Wales politics

New marine zone plans scrapped by minister

Skomer Island
Image caption Skomer was one of the proposed zones but the minister will now look at the 125 existing marine areas

Controversial plans for 10 marine conservation zones have been withdrawn by a Welsh government minister.

Alun Davies told AMs they had received 7,000 responses to a consultation containing "strongly held" views.

He said he would now look at the 125 existing marine protected areas to see if further improvements could be made.

The Marine Conservation Society (MCS) described it as an "embarrassing U-turn" for the Welsh government, and has called for better protection of seas.

Creating the zones would mean a ban on fishing and anchoring in some areas and had brought opposition.

The Welsh Fishermen's Association said previously that existing conservation networks for Welsh waters are adequate.

'Strongly held views'

The Welsh government proposed the zones last year with the backing of the Countryside Council of Wales and the Marine Conservation Society.

The minister for natural resources said the decision had been made after the thousands of responses to the consultation brought "divergent and strongly held views".
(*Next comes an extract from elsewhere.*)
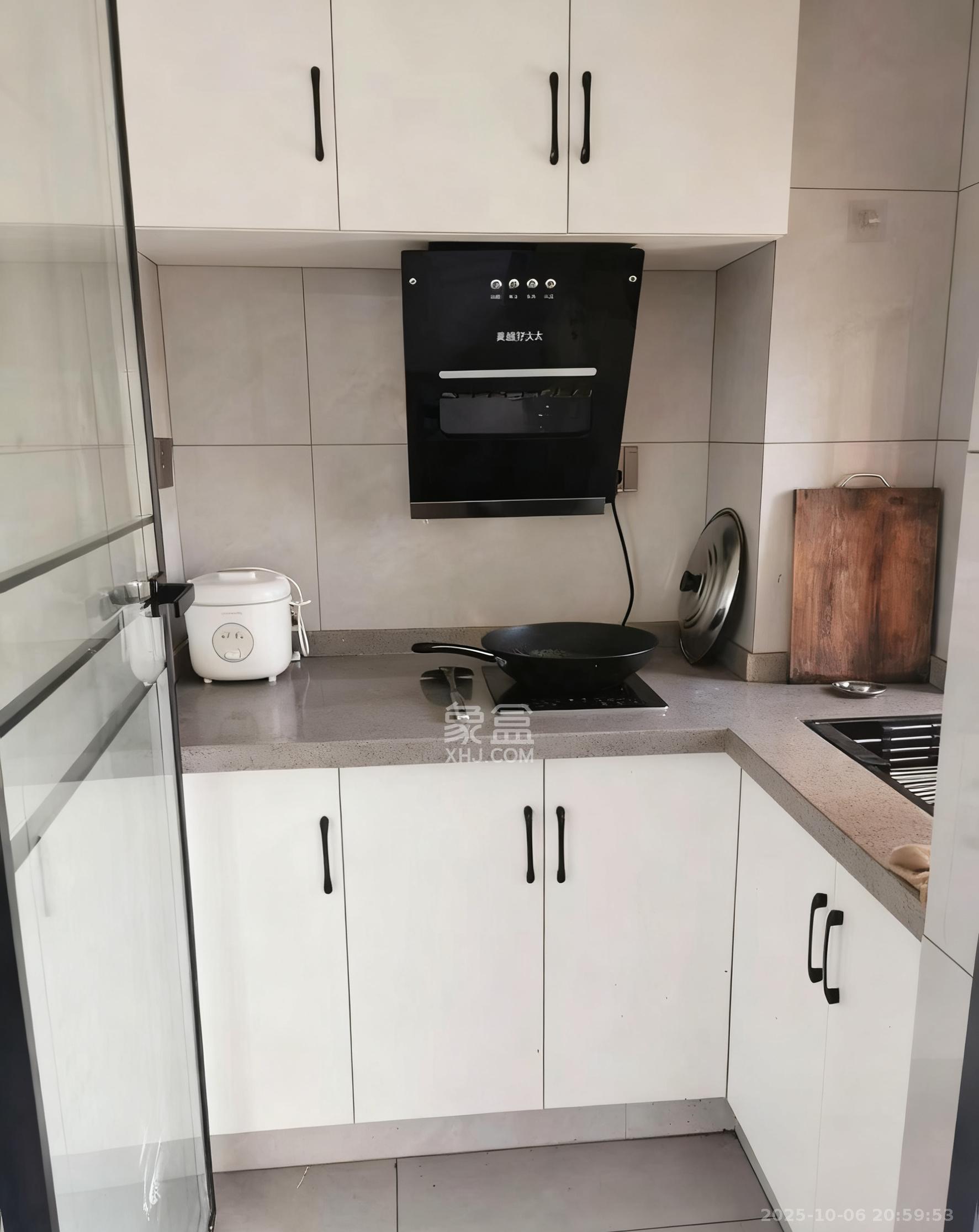 金地兰亭樾  1室1厅1卫    1300.0元/月室内图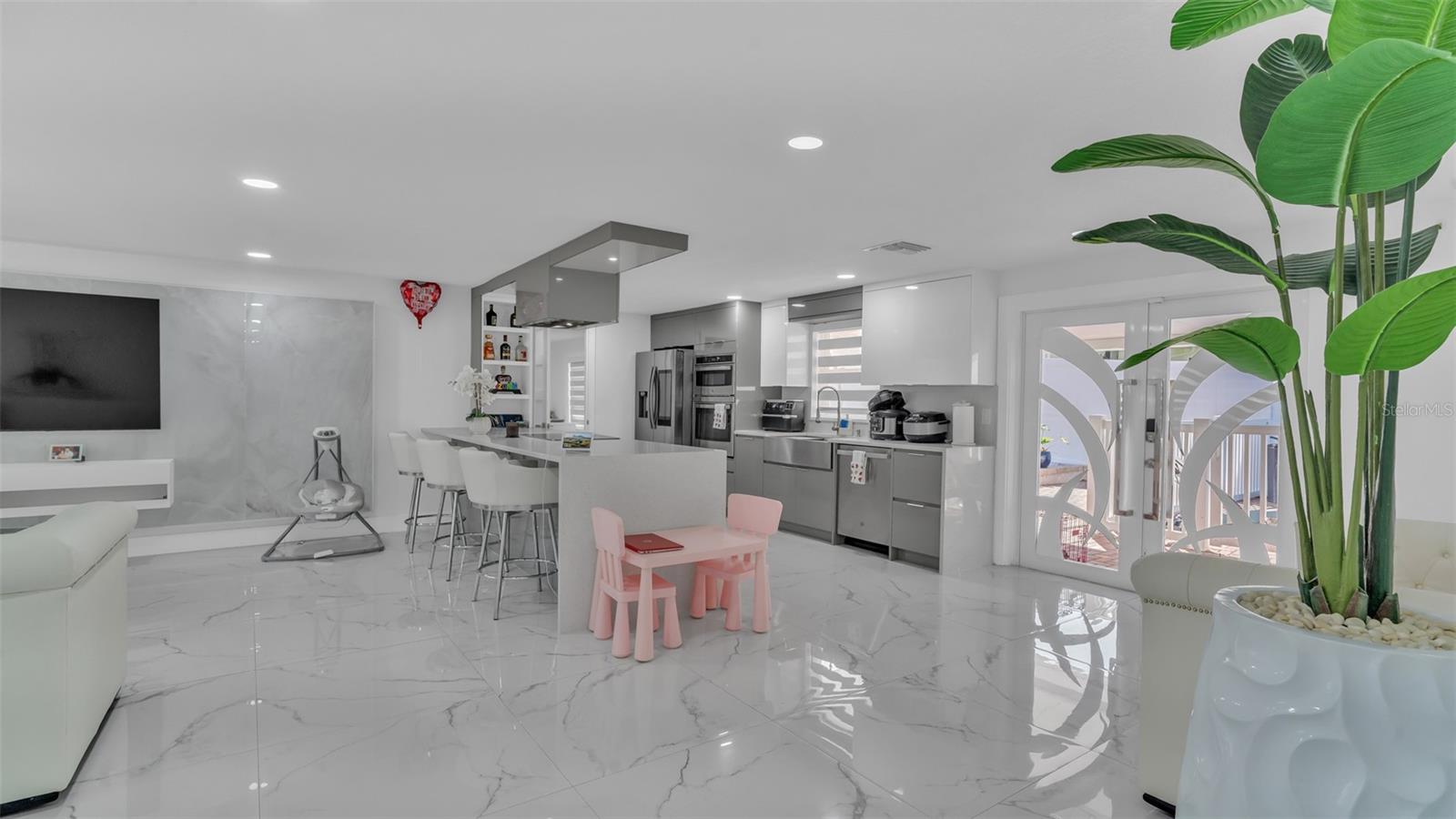 Image 18 of 43 For 15810 Sea Oats Place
Mr Davies said to "avoid any continuing uncertainty over the options presented in the 2012 consultation, I am also withdrawing all the proposed sites".

His comments come after the findings were published of a task and finish team which reviewed the feedback.

Image caption Sites initially earmarked for conservation zones

Now, he will concentrate on the existing 125 Marine Protected Areas (MPAs) that cover 36% of Welsh seas to see if any changes can be made rather than creating additional zones.

"We are now in a stronger position to assess our current contribution to the network's ecological coherence," he said.

"I have, therefore, commissioned an assessment of our current MPAs to identify if there are any gaps and what the options might be to fill those gaps.

"If any measures are required, I believe they should be simple, proportionate and fit for purpose."

Dr Peter Richardson, biodiversity programme manager for MCS, said the Welsh government "spent an awful lot of time and money and encouraged other people to put effort into this consultation response".

He said: "70% of the consultation responses were in favour of designating these sites and yet today the minister has announced he's scrapping the whole thing... bit of an embarrassing U-turn for the government I think."

He added: "I think there are plenty of people in the fishing industry... that understand that in order to get the best yields from the marine habitats on which they depend, they have to be managed properly."